Paymon Rouhanifard has been the superintendent of Camden City Public Schools in New Jersey since 2013 when the district was put under state receivership. Camden still has a long way to go, but the changes thus far have been dramatic: graduation and proficiency rates have improved, and the majority of the city’s schools that were among the state’s lowest performing no longer are. Five years into his tenure, Rouhanifard announced that he will step down as Camden’s superintendent. CRPE founder Paul Hill recently sat down with Rouhanifard to reflect on his experience.
Building A Broad Coalition
Was your appointment as part of a state takeover a liability or an asset?
The state intervention guaranteed a degree of local skepticism, but we couldn’t have made the progress we did over these past five years without the change in governance.
You made a great deal of progress in Camden without causing a firestorm. How did you keep the community’s support?
There was certainly some pushback. But we also developed a broad coalition of support. We sought to improve existing public schools while transforming some neighborhood schools through nonprofit partnerships, which we call Renaissance Schools. To do these things we needed partnerships with nonprofits, both to support kids with wraparound services and operate some schools.
Everyone wanted to see improvement quickly, but it was clear that politics and bureaucracy had made reforms difficult in the past. Getting engagement from community leaders and nonprofits helped generate buy-in, making it clear that reforms were being done by, not to, Camden.
How did you grow the Renaissance Schools without putting a lot of incumbent teachers out of work and causing a community backlash?
For us, it was never about laying blame at the feet of educators. We guaranteed seniority status for teachers and withdrew protection only in a few extreme cases. We were always careful about teacher layoffs, understanding the financial damage they can do in a community with high unemployment.
We more or less grew Renaissance schools in line with natural teacher attrition, which was about 15 per year. We also did an early retirement incentive one year, when the growth of Renaissance Schools was at its highest.
A counter-reform narrative would pit national foundations against community, but you used foundation funding without a lot of political cost. How were you able to do that?
I had some luck. First, Camden is a smaller district so we did not get a lot of national attention. I am also careful about how I deal with foundations. I think they should fund something we deeply believe in. The minute we get into a dialogue about some other agenda item that may be useful but not central, we always examine it very closely.
Taking Multiple Paths
If you were to start in another district, would you do anything differently?
It all would depend on the district. In Camden, the case for change was so clear-cut. There were so many low-performing schools, financial problems, and mismanagement. Parents wanted something better.

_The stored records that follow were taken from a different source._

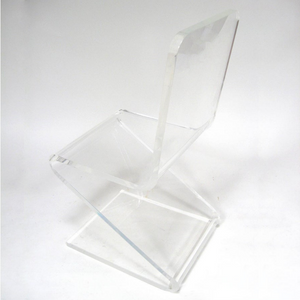 1" Thick Lucite Z Chair with Rounded Top Corners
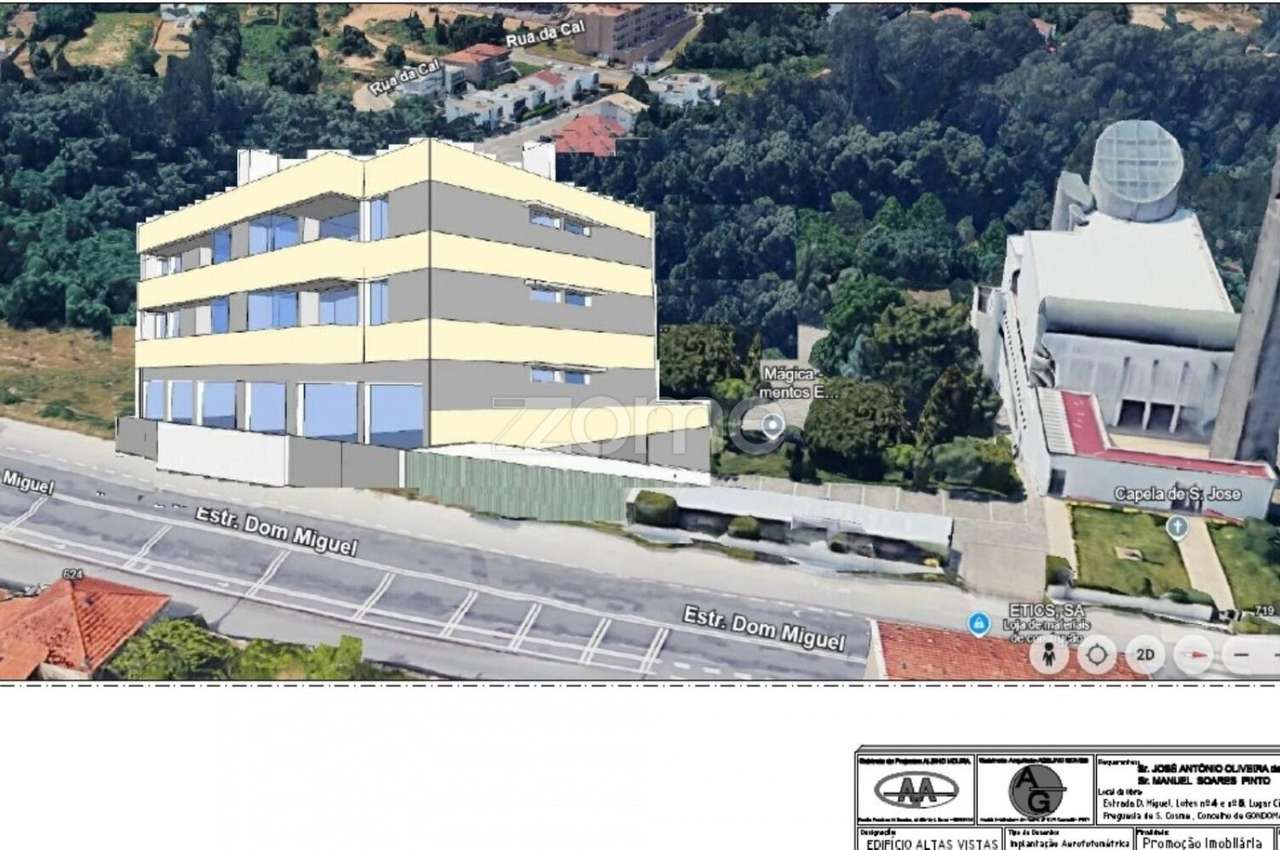 Terreno de 2200m² c/ projeto de arquitetura aprovado, Est. Dom Miguel - Grande imagem: 2/11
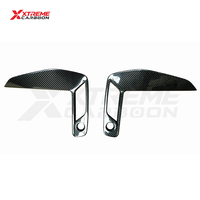 XTREME Cache-ventilations latérales de pare-chocs avant en fibre de carbone sèche, garnitures de prise d'air et enjoliveurs de conduits d'air pour feux antibrouillard pour BMW G20 G21 M340i 330i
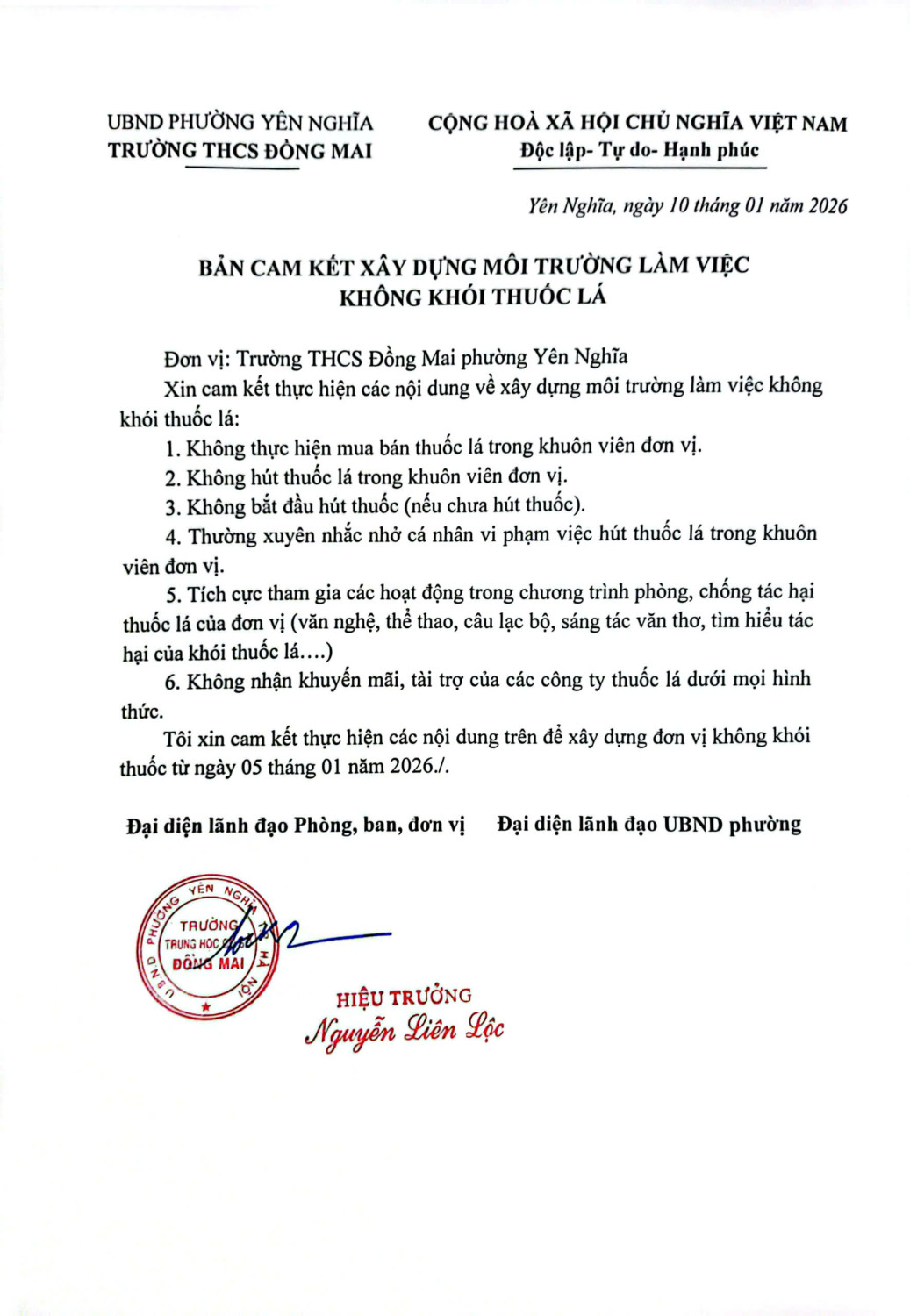 Cam Kết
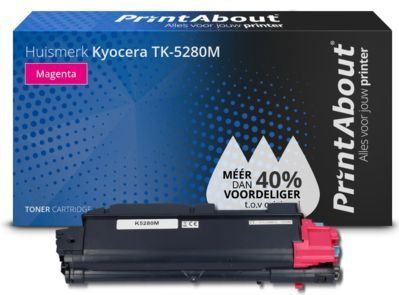 PrintAbout huismerk Toner TK-5280M Magenta Geschikt voor Kyocera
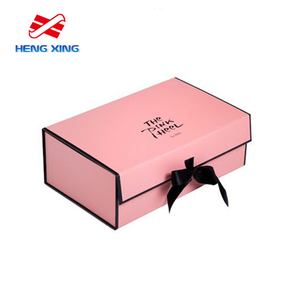 Hair Magnetic Box Packaging Box HENGXING Custom Logo Premium Cardboard Paper Gift Wig Hair Extension Magnetic Packaging Box
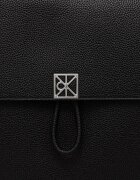 CALVIN KLEIN раница дамска от имитация на кожа черна LV04F3553G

Our theory of change (strengthen district schools and use new operators to turn around neighborhood schools) is good, but the balance would depend on the city’s needs and size. In Camden, we have no robust public transportation system, we have public safety issues, and many families don’t have cars. Here, families need to be able to walk kids to school, so we emphasized neighborhood schools. But if you go to New York City, you wouldn’t have to take that approach.
The Renaissance schools are a great invention. Do you think assignment to a charter operator is the only way to turn around a neighborhood school?
It is not the only way. Others have reached out to us asking how they can replicate the Renaissance model. I don’t think that’s the right question. Every municipality is different—the needs, the constituents, the public officials, the willingness of quality charter operators to work in the neighborhood context. I think Renaissance and other turnaround models can provide quick results. But you also need to play the long game, and that involves taking multiple paths.
Charter schools were a big part of your strategy. But did you get pressure to use them even more?
We were very clear with charter/Renaissance operators: We have big problems that can’t be solved quickly. Charters had to learn how to succeed in our context; they could grow to the extent that they were succeeding. I also made it clear that they would be running the schools that faced the greatest challenges.
My optimism about charters is that they can improve over time as they gain experience working in a high-poverty context. Their value is not in union-busting or bypassing collective bargaining, but in serving kids better. We brought in KIPP, Uncommon, and Mastery, all of whom were committed to working as part of our larger strategy.
What did you do for the district schools that were not part of the Renaissance strategy?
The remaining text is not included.